Türkiye’nin hamlesi Hafter’i durdurdu
Libya için Türkiye’nin varlığının büyük bir etki yarattığını kaydeden Prof. Dr. Michelangelo Guida, “Son haftalara kadar taraflar arasında bir denge yoktu. Askeri gücü olan Hafter yavaş da olsa Trablus’a doğru ilerliyordu. Türkiye’nin hamlesi bu durumu bozdu, Serrac’ı güçlendirerek diplomatik çözüme doğru bir yol açtı. Taraflar üzerinde bir baskı kuramayan ya da bu aşamada kurmak istemeyen Avrupalı aktörler bu noktada zayıf kaldılar. Rusya burada büyük bir rol oynayabilir ama politikası şu an net olarak kestirilemiyor. Hafter hâlâ sahada güçlü olduğunu düşünüyor. Onu destekleyen ülkeler de benzer görüşe sahip olabilirler. En azından Berlin konferansına kadar denge değişecek mi, Hafter’e bir baskı yapılacak mı bunu görmek istiyorlar. Muhtemelen şu an bekleme aşamasındalar. Serrac meşru olduğu için güçlüyken Hafter de askeri açıdan güçlü” ifadelerini kullandı.

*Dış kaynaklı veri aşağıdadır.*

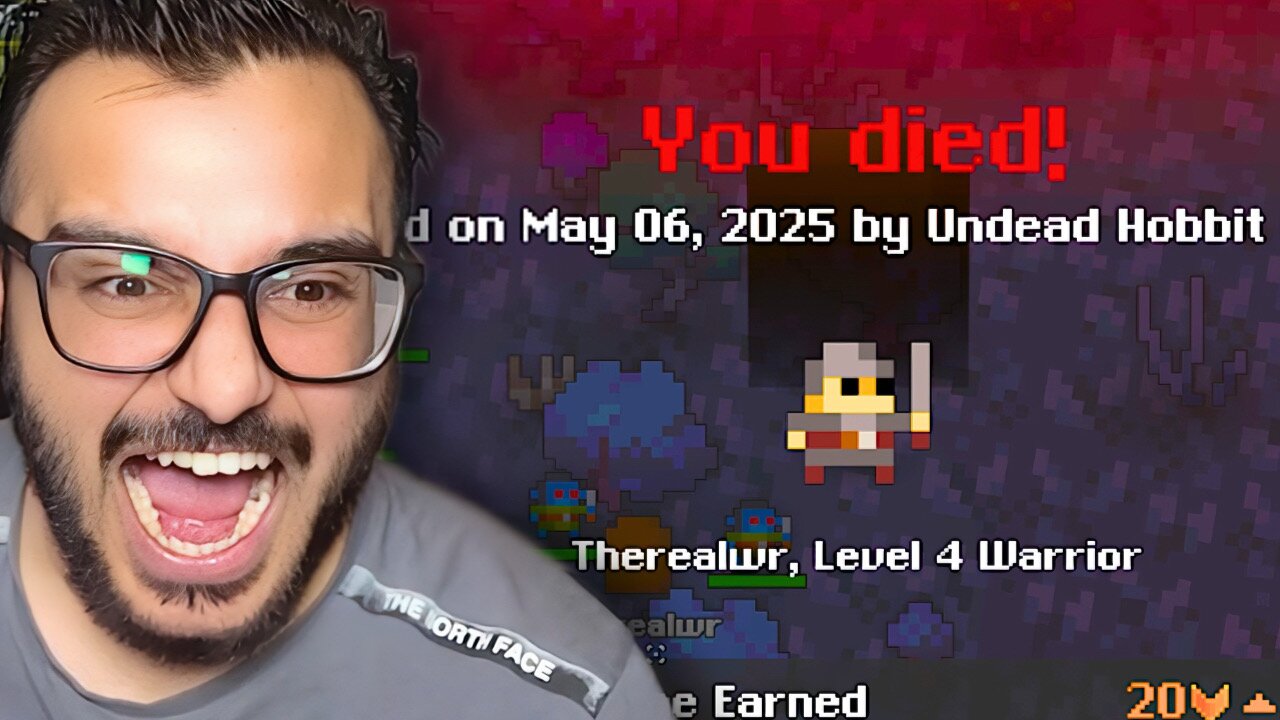 This Game Thought It Could Stop Me. It Failed.(Not)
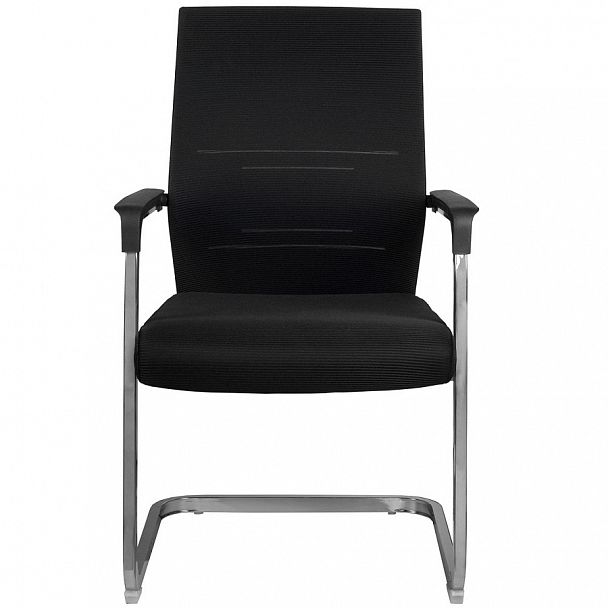Кресло "Riva Chair" D818 черный - Вид 2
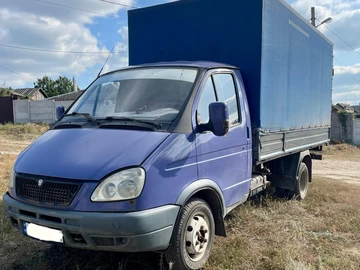 Авто ГАЗ 3302 Газель 2008 № 8681651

Türkiye dengeyi kurarsa Hafter mecbur kalır
Libya’da dinamiklerin ve ittifakların sürekli değiştiğinin altını çizen Leonard Faytre şöyle konuştu: “Darbeci Hafter sahada kendisinin güçlü olduğunu düşündüğü için Serrac’a neden taviz vermesi gerektiğini sorguluyor. Burada önemli olan Türkiye’nin Libya’daki operasyonuyla bu güç dengesini değiştirip yeni bir denge kurabileceği konusu. Türkiye oraya gönderdiği askerlerle Serrac hükümetine bir güç sağlayabilirse yeni bir denge tesis etmiş olacak. İşte o zaman Hafter mutabakata da konferansa da katılmaya mecbur kalacak.”